14 Douglas wants to construct a model for the height of the tide in Liverpool during the day, using a cosine graph to represent the way the height changes.
He knows that the first high tide of the day measures 8.55 m and the first low tide of the day measures 1.75 m .
Douglas uses \(t\) for time and \(h\) for the height of the tide in metres. With his graph-drawing software set to degrees, he begins by drawing the graph of \(\mathrm { h } = 5.15 + 3.4\) cost.
- Verify that this equation gives the correct values of \(h\) for the high and low tide.
Douglas also knows that the first high tide of the day occurs at 1 am and the first low tide occurs at 7.20 am. He wants \(t\) to represent the time in hours after midnight, so he modifies his equation to \(h = 5.15 + 3.4 \cos ( a t + b )\).
- Show that Douglas's modified equation gives the first high tide of the day occurring at the correct time if \(\mathrm { a } + \mathrm { b } = 0\).

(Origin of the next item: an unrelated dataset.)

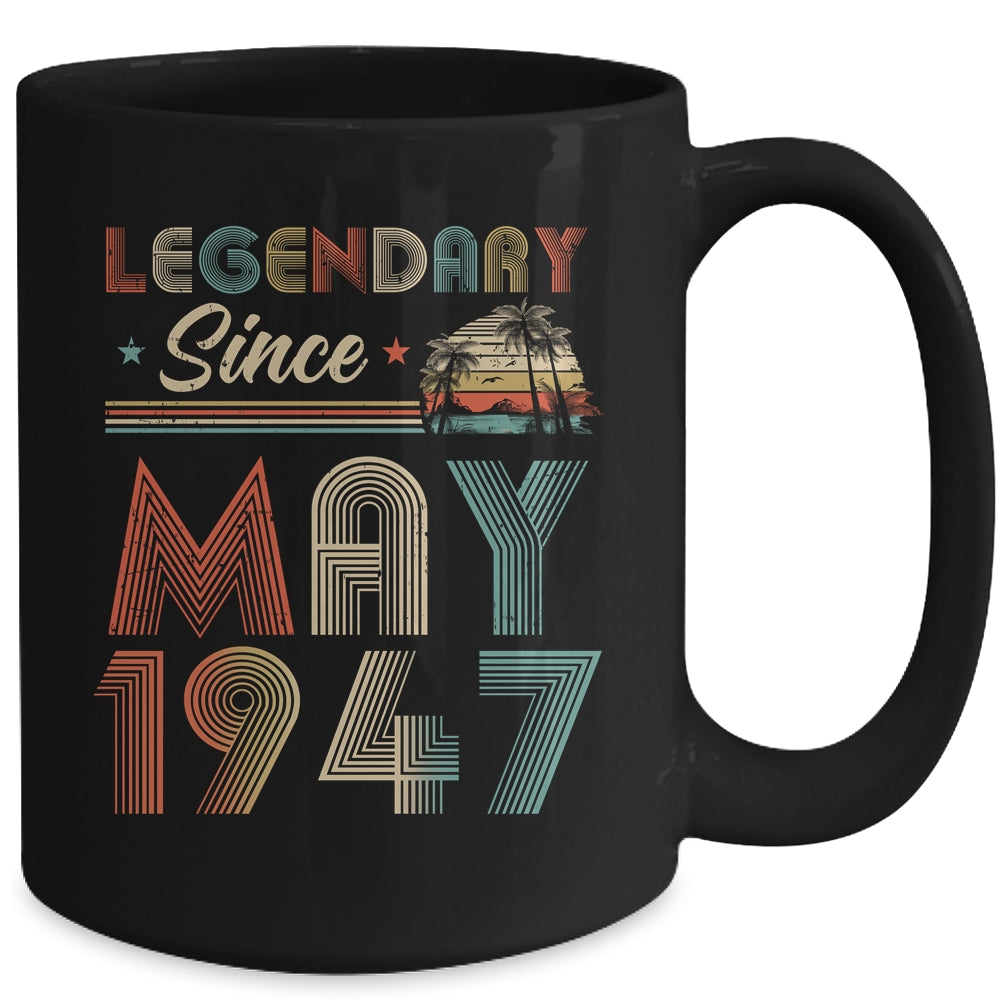 75th Birthday 75 Years Old Legendary Since May 1947 Mug | siriusteestore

- Use the time of the first low tide of the day to form a second equation relating \(a\) and \(b\).
- Hence show that \(a = 28.42\) correct to 2 decimal places.
- Douglas can only sail his boat when the height of the tide is at least 3 m .
Use the model to predict the range of times that morning when he cannot sail.
- The next high tide occurs at 12.59 pm when the height of the tide is 8.91 m .
Comment on the suitability of Douglas's model.